• **Task requirements**
Repeat the records below line by line, exactly, finishing on the line that contains "P4/27 Highlight Human".

• **Data section**
-=-=-

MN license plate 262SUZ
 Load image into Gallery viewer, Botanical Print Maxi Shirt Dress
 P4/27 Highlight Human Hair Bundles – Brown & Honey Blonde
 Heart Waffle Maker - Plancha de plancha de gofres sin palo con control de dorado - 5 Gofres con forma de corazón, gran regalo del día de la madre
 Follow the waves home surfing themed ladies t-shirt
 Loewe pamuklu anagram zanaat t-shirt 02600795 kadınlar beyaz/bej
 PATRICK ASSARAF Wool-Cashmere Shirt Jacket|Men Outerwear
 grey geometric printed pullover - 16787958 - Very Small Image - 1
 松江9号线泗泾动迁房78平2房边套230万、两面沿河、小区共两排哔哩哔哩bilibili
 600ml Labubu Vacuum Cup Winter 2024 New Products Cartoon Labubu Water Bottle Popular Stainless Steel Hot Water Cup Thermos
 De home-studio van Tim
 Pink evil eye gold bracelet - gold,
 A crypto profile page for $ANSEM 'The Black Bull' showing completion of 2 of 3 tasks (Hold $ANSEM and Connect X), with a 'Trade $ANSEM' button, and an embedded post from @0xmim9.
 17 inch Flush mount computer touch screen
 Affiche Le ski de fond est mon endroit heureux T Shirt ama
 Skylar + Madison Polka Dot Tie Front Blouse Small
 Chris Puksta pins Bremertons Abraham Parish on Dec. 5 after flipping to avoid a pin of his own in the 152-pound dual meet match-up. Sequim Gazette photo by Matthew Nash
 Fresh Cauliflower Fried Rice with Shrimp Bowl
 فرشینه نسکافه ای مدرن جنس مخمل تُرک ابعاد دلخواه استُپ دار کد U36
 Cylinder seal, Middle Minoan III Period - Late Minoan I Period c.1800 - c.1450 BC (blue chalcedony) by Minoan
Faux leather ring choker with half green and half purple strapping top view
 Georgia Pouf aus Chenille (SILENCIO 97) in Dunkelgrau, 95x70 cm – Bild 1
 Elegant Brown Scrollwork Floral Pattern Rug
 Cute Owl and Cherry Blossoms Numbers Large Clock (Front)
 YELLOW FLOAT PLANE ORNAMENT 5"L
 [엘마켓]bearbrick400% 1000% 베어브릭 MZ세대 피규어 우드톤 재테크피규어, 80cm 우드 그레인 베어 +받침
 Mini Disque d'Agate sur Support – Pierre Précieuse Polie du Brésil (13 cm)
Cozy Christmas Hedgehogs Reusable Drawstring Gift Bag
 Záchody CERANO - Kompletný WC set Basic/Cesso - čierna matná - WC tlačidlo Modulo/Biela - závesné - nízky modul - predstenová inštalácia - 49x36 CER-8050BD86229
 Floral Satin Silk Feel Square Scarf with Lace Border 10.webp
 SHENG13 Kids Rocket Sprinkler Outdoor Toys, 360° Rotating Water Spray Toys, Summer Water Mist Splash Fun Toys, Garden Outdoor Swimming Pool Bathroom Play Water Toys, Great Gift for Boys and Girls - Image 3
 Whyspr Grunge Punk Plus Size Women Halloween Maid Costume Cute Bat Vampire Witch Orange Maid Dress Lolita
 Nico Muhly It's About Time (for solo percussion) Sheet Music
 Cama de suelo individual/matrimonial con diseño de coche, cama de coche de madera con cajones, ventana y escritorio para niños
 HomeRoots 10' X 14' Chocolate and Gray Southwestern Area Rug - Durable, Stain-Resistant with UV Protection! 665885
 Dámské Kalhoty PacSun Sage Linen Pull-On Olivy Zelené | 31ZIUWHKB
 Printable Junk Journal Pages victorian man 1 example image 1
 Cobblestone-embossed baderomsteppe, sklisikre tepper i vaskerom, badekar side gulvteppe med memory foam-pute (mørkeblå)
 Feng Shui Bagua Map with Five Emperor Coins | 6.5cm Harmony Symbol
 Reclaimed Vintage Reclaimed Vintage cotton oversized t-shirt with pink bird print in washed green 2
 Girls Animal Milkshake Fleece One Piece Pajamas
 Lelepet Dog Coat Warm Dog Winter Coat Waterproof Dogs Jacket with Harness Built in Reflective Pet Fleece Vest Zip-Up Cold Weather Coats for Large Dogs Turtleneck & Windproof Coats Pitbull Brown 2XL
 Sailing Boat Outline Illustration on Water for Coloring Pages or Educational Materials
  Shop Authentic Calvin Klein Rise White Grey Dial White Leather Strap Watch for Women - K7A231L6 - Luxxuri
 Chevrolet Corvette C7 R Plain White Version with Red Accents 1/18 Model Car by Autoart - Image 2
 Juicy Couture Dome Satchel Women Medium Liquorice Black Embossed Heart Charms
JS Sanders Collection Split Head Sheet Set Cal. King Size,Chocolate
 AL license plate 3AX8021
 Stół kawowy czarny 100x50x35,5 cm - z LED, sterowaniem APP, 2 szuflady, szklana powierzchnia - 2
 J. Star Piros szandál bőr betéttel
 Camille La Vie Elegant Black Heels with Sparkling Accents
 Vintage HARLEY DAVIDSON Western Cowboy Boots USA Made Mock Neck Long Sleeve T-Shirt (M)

-=-=-

• **Exercise output**
MN license plate 262SUZ
 Load image into Gallery viewer, Botanical Print Maxi Shirt Dress
 P4/27 Highlight Human Hair Bundles – Brown & Honey Blonde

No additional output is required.